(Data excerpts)
-- Opening Marker --
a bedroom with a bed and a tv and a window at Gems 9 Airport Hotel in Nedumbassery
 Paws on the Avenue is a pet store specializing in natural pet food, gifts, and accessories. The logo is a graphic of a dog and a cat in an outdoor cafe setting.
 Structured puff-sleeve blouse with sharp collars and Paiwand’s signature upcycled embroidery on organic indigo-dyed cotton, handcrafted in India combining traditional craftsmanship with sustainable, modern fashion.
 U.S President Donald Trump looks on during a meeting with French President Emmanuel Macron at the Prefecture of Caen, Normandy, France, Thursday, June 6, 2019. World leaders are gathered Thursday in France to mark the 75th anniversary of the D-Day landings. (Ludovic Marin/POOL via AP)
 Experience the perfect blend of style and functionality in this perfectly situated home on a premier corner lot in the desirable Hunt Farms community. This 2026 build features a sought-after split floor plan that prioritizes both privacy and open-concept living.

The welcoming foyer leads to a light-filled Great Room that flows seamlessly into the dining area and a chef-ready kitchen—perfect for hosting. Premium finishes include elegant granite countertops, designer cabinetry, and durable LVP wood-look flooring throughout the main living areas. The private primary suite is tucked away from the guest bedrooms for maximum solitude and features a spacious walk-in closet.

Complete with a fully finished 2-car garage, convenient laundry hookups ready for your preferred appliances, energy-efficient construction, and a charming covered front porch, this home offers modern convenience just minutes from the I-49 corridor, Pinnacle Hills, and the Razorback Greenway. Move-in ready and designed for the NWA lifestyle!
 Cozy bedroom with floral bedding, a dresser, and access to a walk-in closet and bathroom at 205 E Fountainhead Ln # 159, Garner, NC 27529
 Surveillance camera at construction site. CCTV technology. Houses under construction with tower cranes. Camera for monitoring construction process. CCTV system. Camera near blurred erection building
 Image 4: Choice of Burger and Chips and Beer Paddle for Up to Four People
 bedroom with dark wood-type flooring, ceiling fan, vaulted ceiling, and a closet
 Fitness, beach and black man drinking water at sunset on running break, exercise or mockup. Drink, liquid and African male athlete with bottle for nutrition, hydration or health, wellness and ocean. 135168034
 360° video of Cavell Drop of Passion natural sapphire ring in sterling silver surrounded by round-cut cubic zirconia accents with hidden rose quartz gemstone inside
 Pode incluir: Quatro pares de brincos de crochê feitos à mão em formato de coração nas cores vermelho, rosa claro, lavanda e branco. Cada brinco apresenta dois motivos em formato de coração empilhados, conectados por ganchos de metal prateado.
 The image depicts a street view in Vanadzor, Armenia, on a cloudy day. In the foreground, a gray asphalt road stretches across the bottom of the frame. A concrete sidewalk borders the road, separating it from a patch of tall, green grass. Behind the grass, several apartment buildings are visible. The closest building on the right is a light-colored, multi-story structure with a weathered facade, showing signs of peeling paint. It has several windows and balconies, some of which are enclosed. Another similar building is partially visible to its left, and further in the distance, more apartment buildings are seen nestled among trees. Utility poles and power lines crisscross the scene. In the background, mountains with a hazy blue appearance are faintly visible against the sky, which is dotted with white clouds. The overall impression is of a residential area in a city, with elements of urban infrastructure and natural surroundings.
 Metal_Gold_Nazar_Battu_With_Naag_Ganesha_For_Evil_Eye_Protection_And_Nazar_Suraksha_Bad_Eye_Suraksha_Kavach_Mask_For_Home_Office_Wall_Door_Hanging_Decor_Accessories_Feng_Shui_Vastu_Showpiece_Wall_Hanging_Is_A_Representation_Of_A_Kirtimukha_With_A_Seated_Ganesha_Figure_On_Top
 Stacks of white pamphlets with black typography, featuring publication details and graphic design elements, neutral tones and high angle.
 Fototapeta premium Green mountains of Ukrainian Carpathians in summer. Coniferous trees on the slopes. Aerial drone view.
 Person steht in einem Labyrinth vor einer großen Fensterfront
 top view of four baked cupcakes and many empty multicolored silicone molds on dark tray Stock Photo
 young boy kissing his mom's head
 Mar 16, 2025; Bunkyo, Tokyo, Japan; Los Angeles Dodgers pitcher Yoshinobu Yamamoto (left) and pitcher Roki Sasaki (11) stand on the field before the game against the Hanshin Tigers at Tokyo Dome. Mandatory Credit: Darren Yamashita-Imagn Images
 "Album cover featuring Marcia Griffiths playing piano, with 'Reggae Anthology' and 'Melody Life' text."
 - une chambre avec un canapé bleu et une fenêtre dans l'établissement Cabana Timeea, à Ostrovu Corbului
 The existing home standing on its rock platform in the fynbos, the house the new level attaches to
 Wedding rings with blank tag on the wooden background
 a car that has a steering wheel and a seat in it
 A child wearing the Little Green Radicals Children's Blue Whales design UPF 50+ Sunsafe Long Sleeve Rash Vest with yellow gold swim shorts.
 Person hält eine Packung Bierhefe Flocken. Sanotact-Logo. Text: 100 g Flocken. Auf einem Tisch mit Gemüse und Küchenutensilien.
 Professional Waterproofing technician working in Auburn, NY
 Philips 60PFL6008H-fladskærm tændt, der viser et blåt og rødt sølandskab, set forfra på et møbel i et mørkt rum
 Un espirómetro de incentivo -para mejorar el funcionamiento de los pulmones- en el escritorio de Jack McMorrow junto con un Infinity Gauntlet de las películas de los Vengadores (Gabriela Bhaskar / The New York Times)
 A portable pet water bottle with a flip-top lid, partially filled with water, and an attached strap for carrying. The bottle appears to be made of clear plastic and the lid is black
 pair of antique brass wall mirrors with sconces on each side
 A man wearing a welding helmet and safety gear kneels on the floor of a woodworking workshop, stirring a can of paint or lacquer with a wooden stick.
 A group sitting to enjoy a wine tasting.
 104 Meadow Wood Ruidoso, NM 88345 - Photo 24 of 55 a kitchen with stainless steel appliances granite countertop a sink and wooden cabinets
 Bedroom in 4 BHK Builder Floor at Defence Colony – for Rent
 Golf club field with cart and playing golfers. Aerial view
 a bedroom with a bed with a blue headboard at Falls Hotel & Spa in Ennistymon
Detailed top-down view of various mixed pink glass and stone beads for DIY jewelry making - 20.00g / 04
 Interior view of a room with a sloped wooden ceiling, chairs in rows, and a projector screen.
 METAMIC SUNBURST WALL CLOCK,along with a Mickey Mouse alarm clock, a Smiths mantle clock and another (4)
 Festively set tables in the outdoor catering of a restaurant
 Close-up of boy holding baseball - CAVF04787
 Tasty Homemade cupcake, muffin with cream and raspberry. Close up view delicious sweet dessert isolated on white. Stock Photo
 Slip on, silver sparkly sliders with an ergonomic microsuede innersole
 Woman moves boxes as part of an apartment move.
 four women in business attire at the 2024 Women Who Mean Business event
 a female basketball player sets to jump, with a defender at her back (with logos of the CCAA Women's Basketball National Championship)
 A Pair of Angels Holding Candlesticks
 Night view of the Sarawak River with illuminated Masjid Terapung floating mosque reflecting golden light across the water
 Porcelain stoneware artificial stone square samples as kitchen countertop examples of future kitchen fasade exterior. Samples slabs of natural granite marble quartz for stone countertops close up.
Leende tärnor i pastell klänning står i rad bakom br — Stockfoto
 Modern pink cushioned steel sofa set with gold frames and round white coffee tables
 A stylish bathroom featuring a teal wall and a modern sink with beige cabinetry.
-- Closing Marker --
• **Task goal**
Retype every line up to and including the one that contains "Paws on the", beginning at the first line of the records, with no edits.

• **Exercise output**
a bedroom with a bed and a tv and a window at Gems 9 Airport Hotel in Nedumbassery
 Paws on the Avenue is a pet store specializing in natural pet food, gifts, and accessories. The logo is a graphic of a dog and a cat in an outdoor cafe setting.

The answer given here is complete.